UPHE opposes the US Forest Service’s “fuels reduction” strategies

“Thinning forests to protect from wildfire smoke makes no more sense than thinning your brain to protect you from Alzheimer’s.” -Dr. Brian Moench, UPHE President

Utah Physicians for a Healthy Environment (UPHE) is an organization of health care professionals concerned about the adverse impacts of environmental degradation on public health. We became concerned about the human health consequences of smoke from intentional, or “prescribed” and “slash pile” burns, when supporters showed us pictures and videos of what state and federal agencies are doing in the Wasatch Mountains. We are not forest ecologists. However, in the era of an accelerating climate crisis and an obvious global wildfire epidemic, how forests are managed has become a major public health issue, and for that reason we were compelled to investigate the issue and to take a position. And as with medical research, we strive to align that position with the best science and the opinions of the most trustworthy experts.


2025 Rebuttals to Forest Service Webinars

The Forest Service has been hosting a webinar series explaining their forest management techniques. Feeling that the webinar series was omitting important information and studies on how their practices could be harming public health, UPHE collaborated on the John Muir Project’s rebuttals.


Direct public health consequences

Live trees are pollution sponges whether in a forest or urban setting. They sequester particulate pollution, absorb ozone, carbon monoxide, nitrogen oxides, and ultrafine particulate pollution through the same stomata they absorb CO2. When those trees are lost, so is their ability to absorb pollution.

Burning “slash piles” of thinned trees and branches, as the USFS and BLM are doing throughout the West, is an assault on public health. For multiple reasons wood smoke is the most toxic type of air pollution the average person ever inhales, whether it comes from a fireplace, wood stove, a wildfire, or a prescribed burn. VOCs emitted from wood combustion are more reactive than VOCs from industrial emissions.

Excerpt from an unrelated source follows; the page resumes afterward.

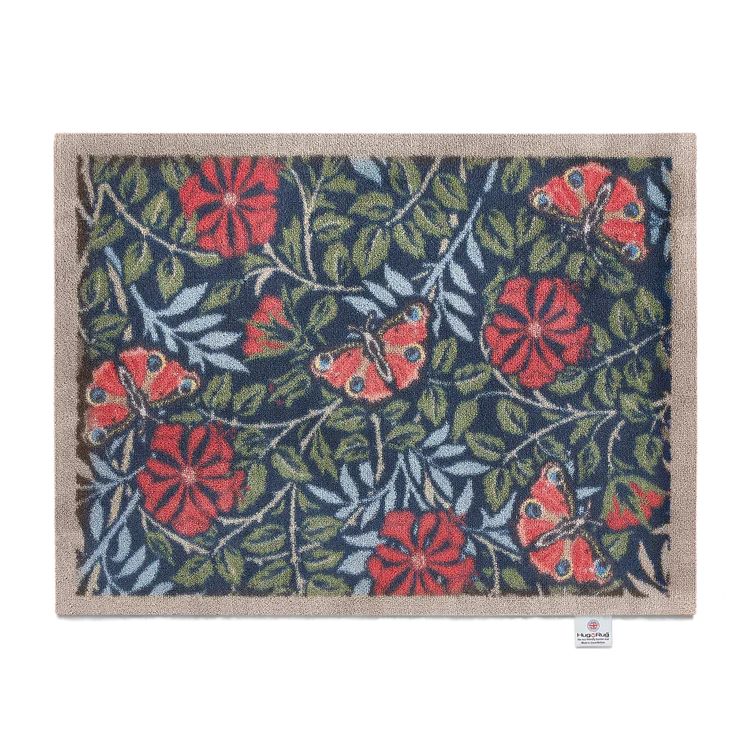 Hug Rug washable mat with a navy background and a red butterfly and red flower with green and light blue foliage pattern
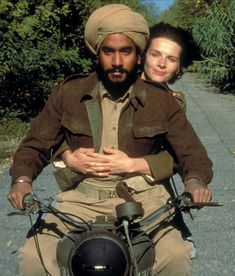 a man riding on the back of a motorcycle next to a woman wearing a turban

Although research is somewhat conflicting, compared to flaming combustion, smoldering combustion, i.e. from lower temperature, higher moisture fuel, typical for prescribed burns and slash pile burning, emits more PM2.5 per unit of fuel consumed.

The EPA calculates that, nationwide, almost as much total PM2.5 is generated by prescribed burns as from wildfires. In fact, in the Southeastern US, prescribed burns are responsible for much more PM2.5 than wildfires. We have seen no research to support the assumption that landscape scale prescribed burns reduce the total amount of biomass smoke pollution the public is subjected to. In fact, most research shows the opposite for two reasons. 1. Prescribed burns are largely ineffective in stopping high intensity wildland fires and therefore prescribed burns only add more pollution to the public’s exposure (see above section). 2. In general, lower intensity burns with incomplete combustion, like prescribed burns, are more toxic, including producing more dioxins, than an equal amount of biomass burned at higher intensity.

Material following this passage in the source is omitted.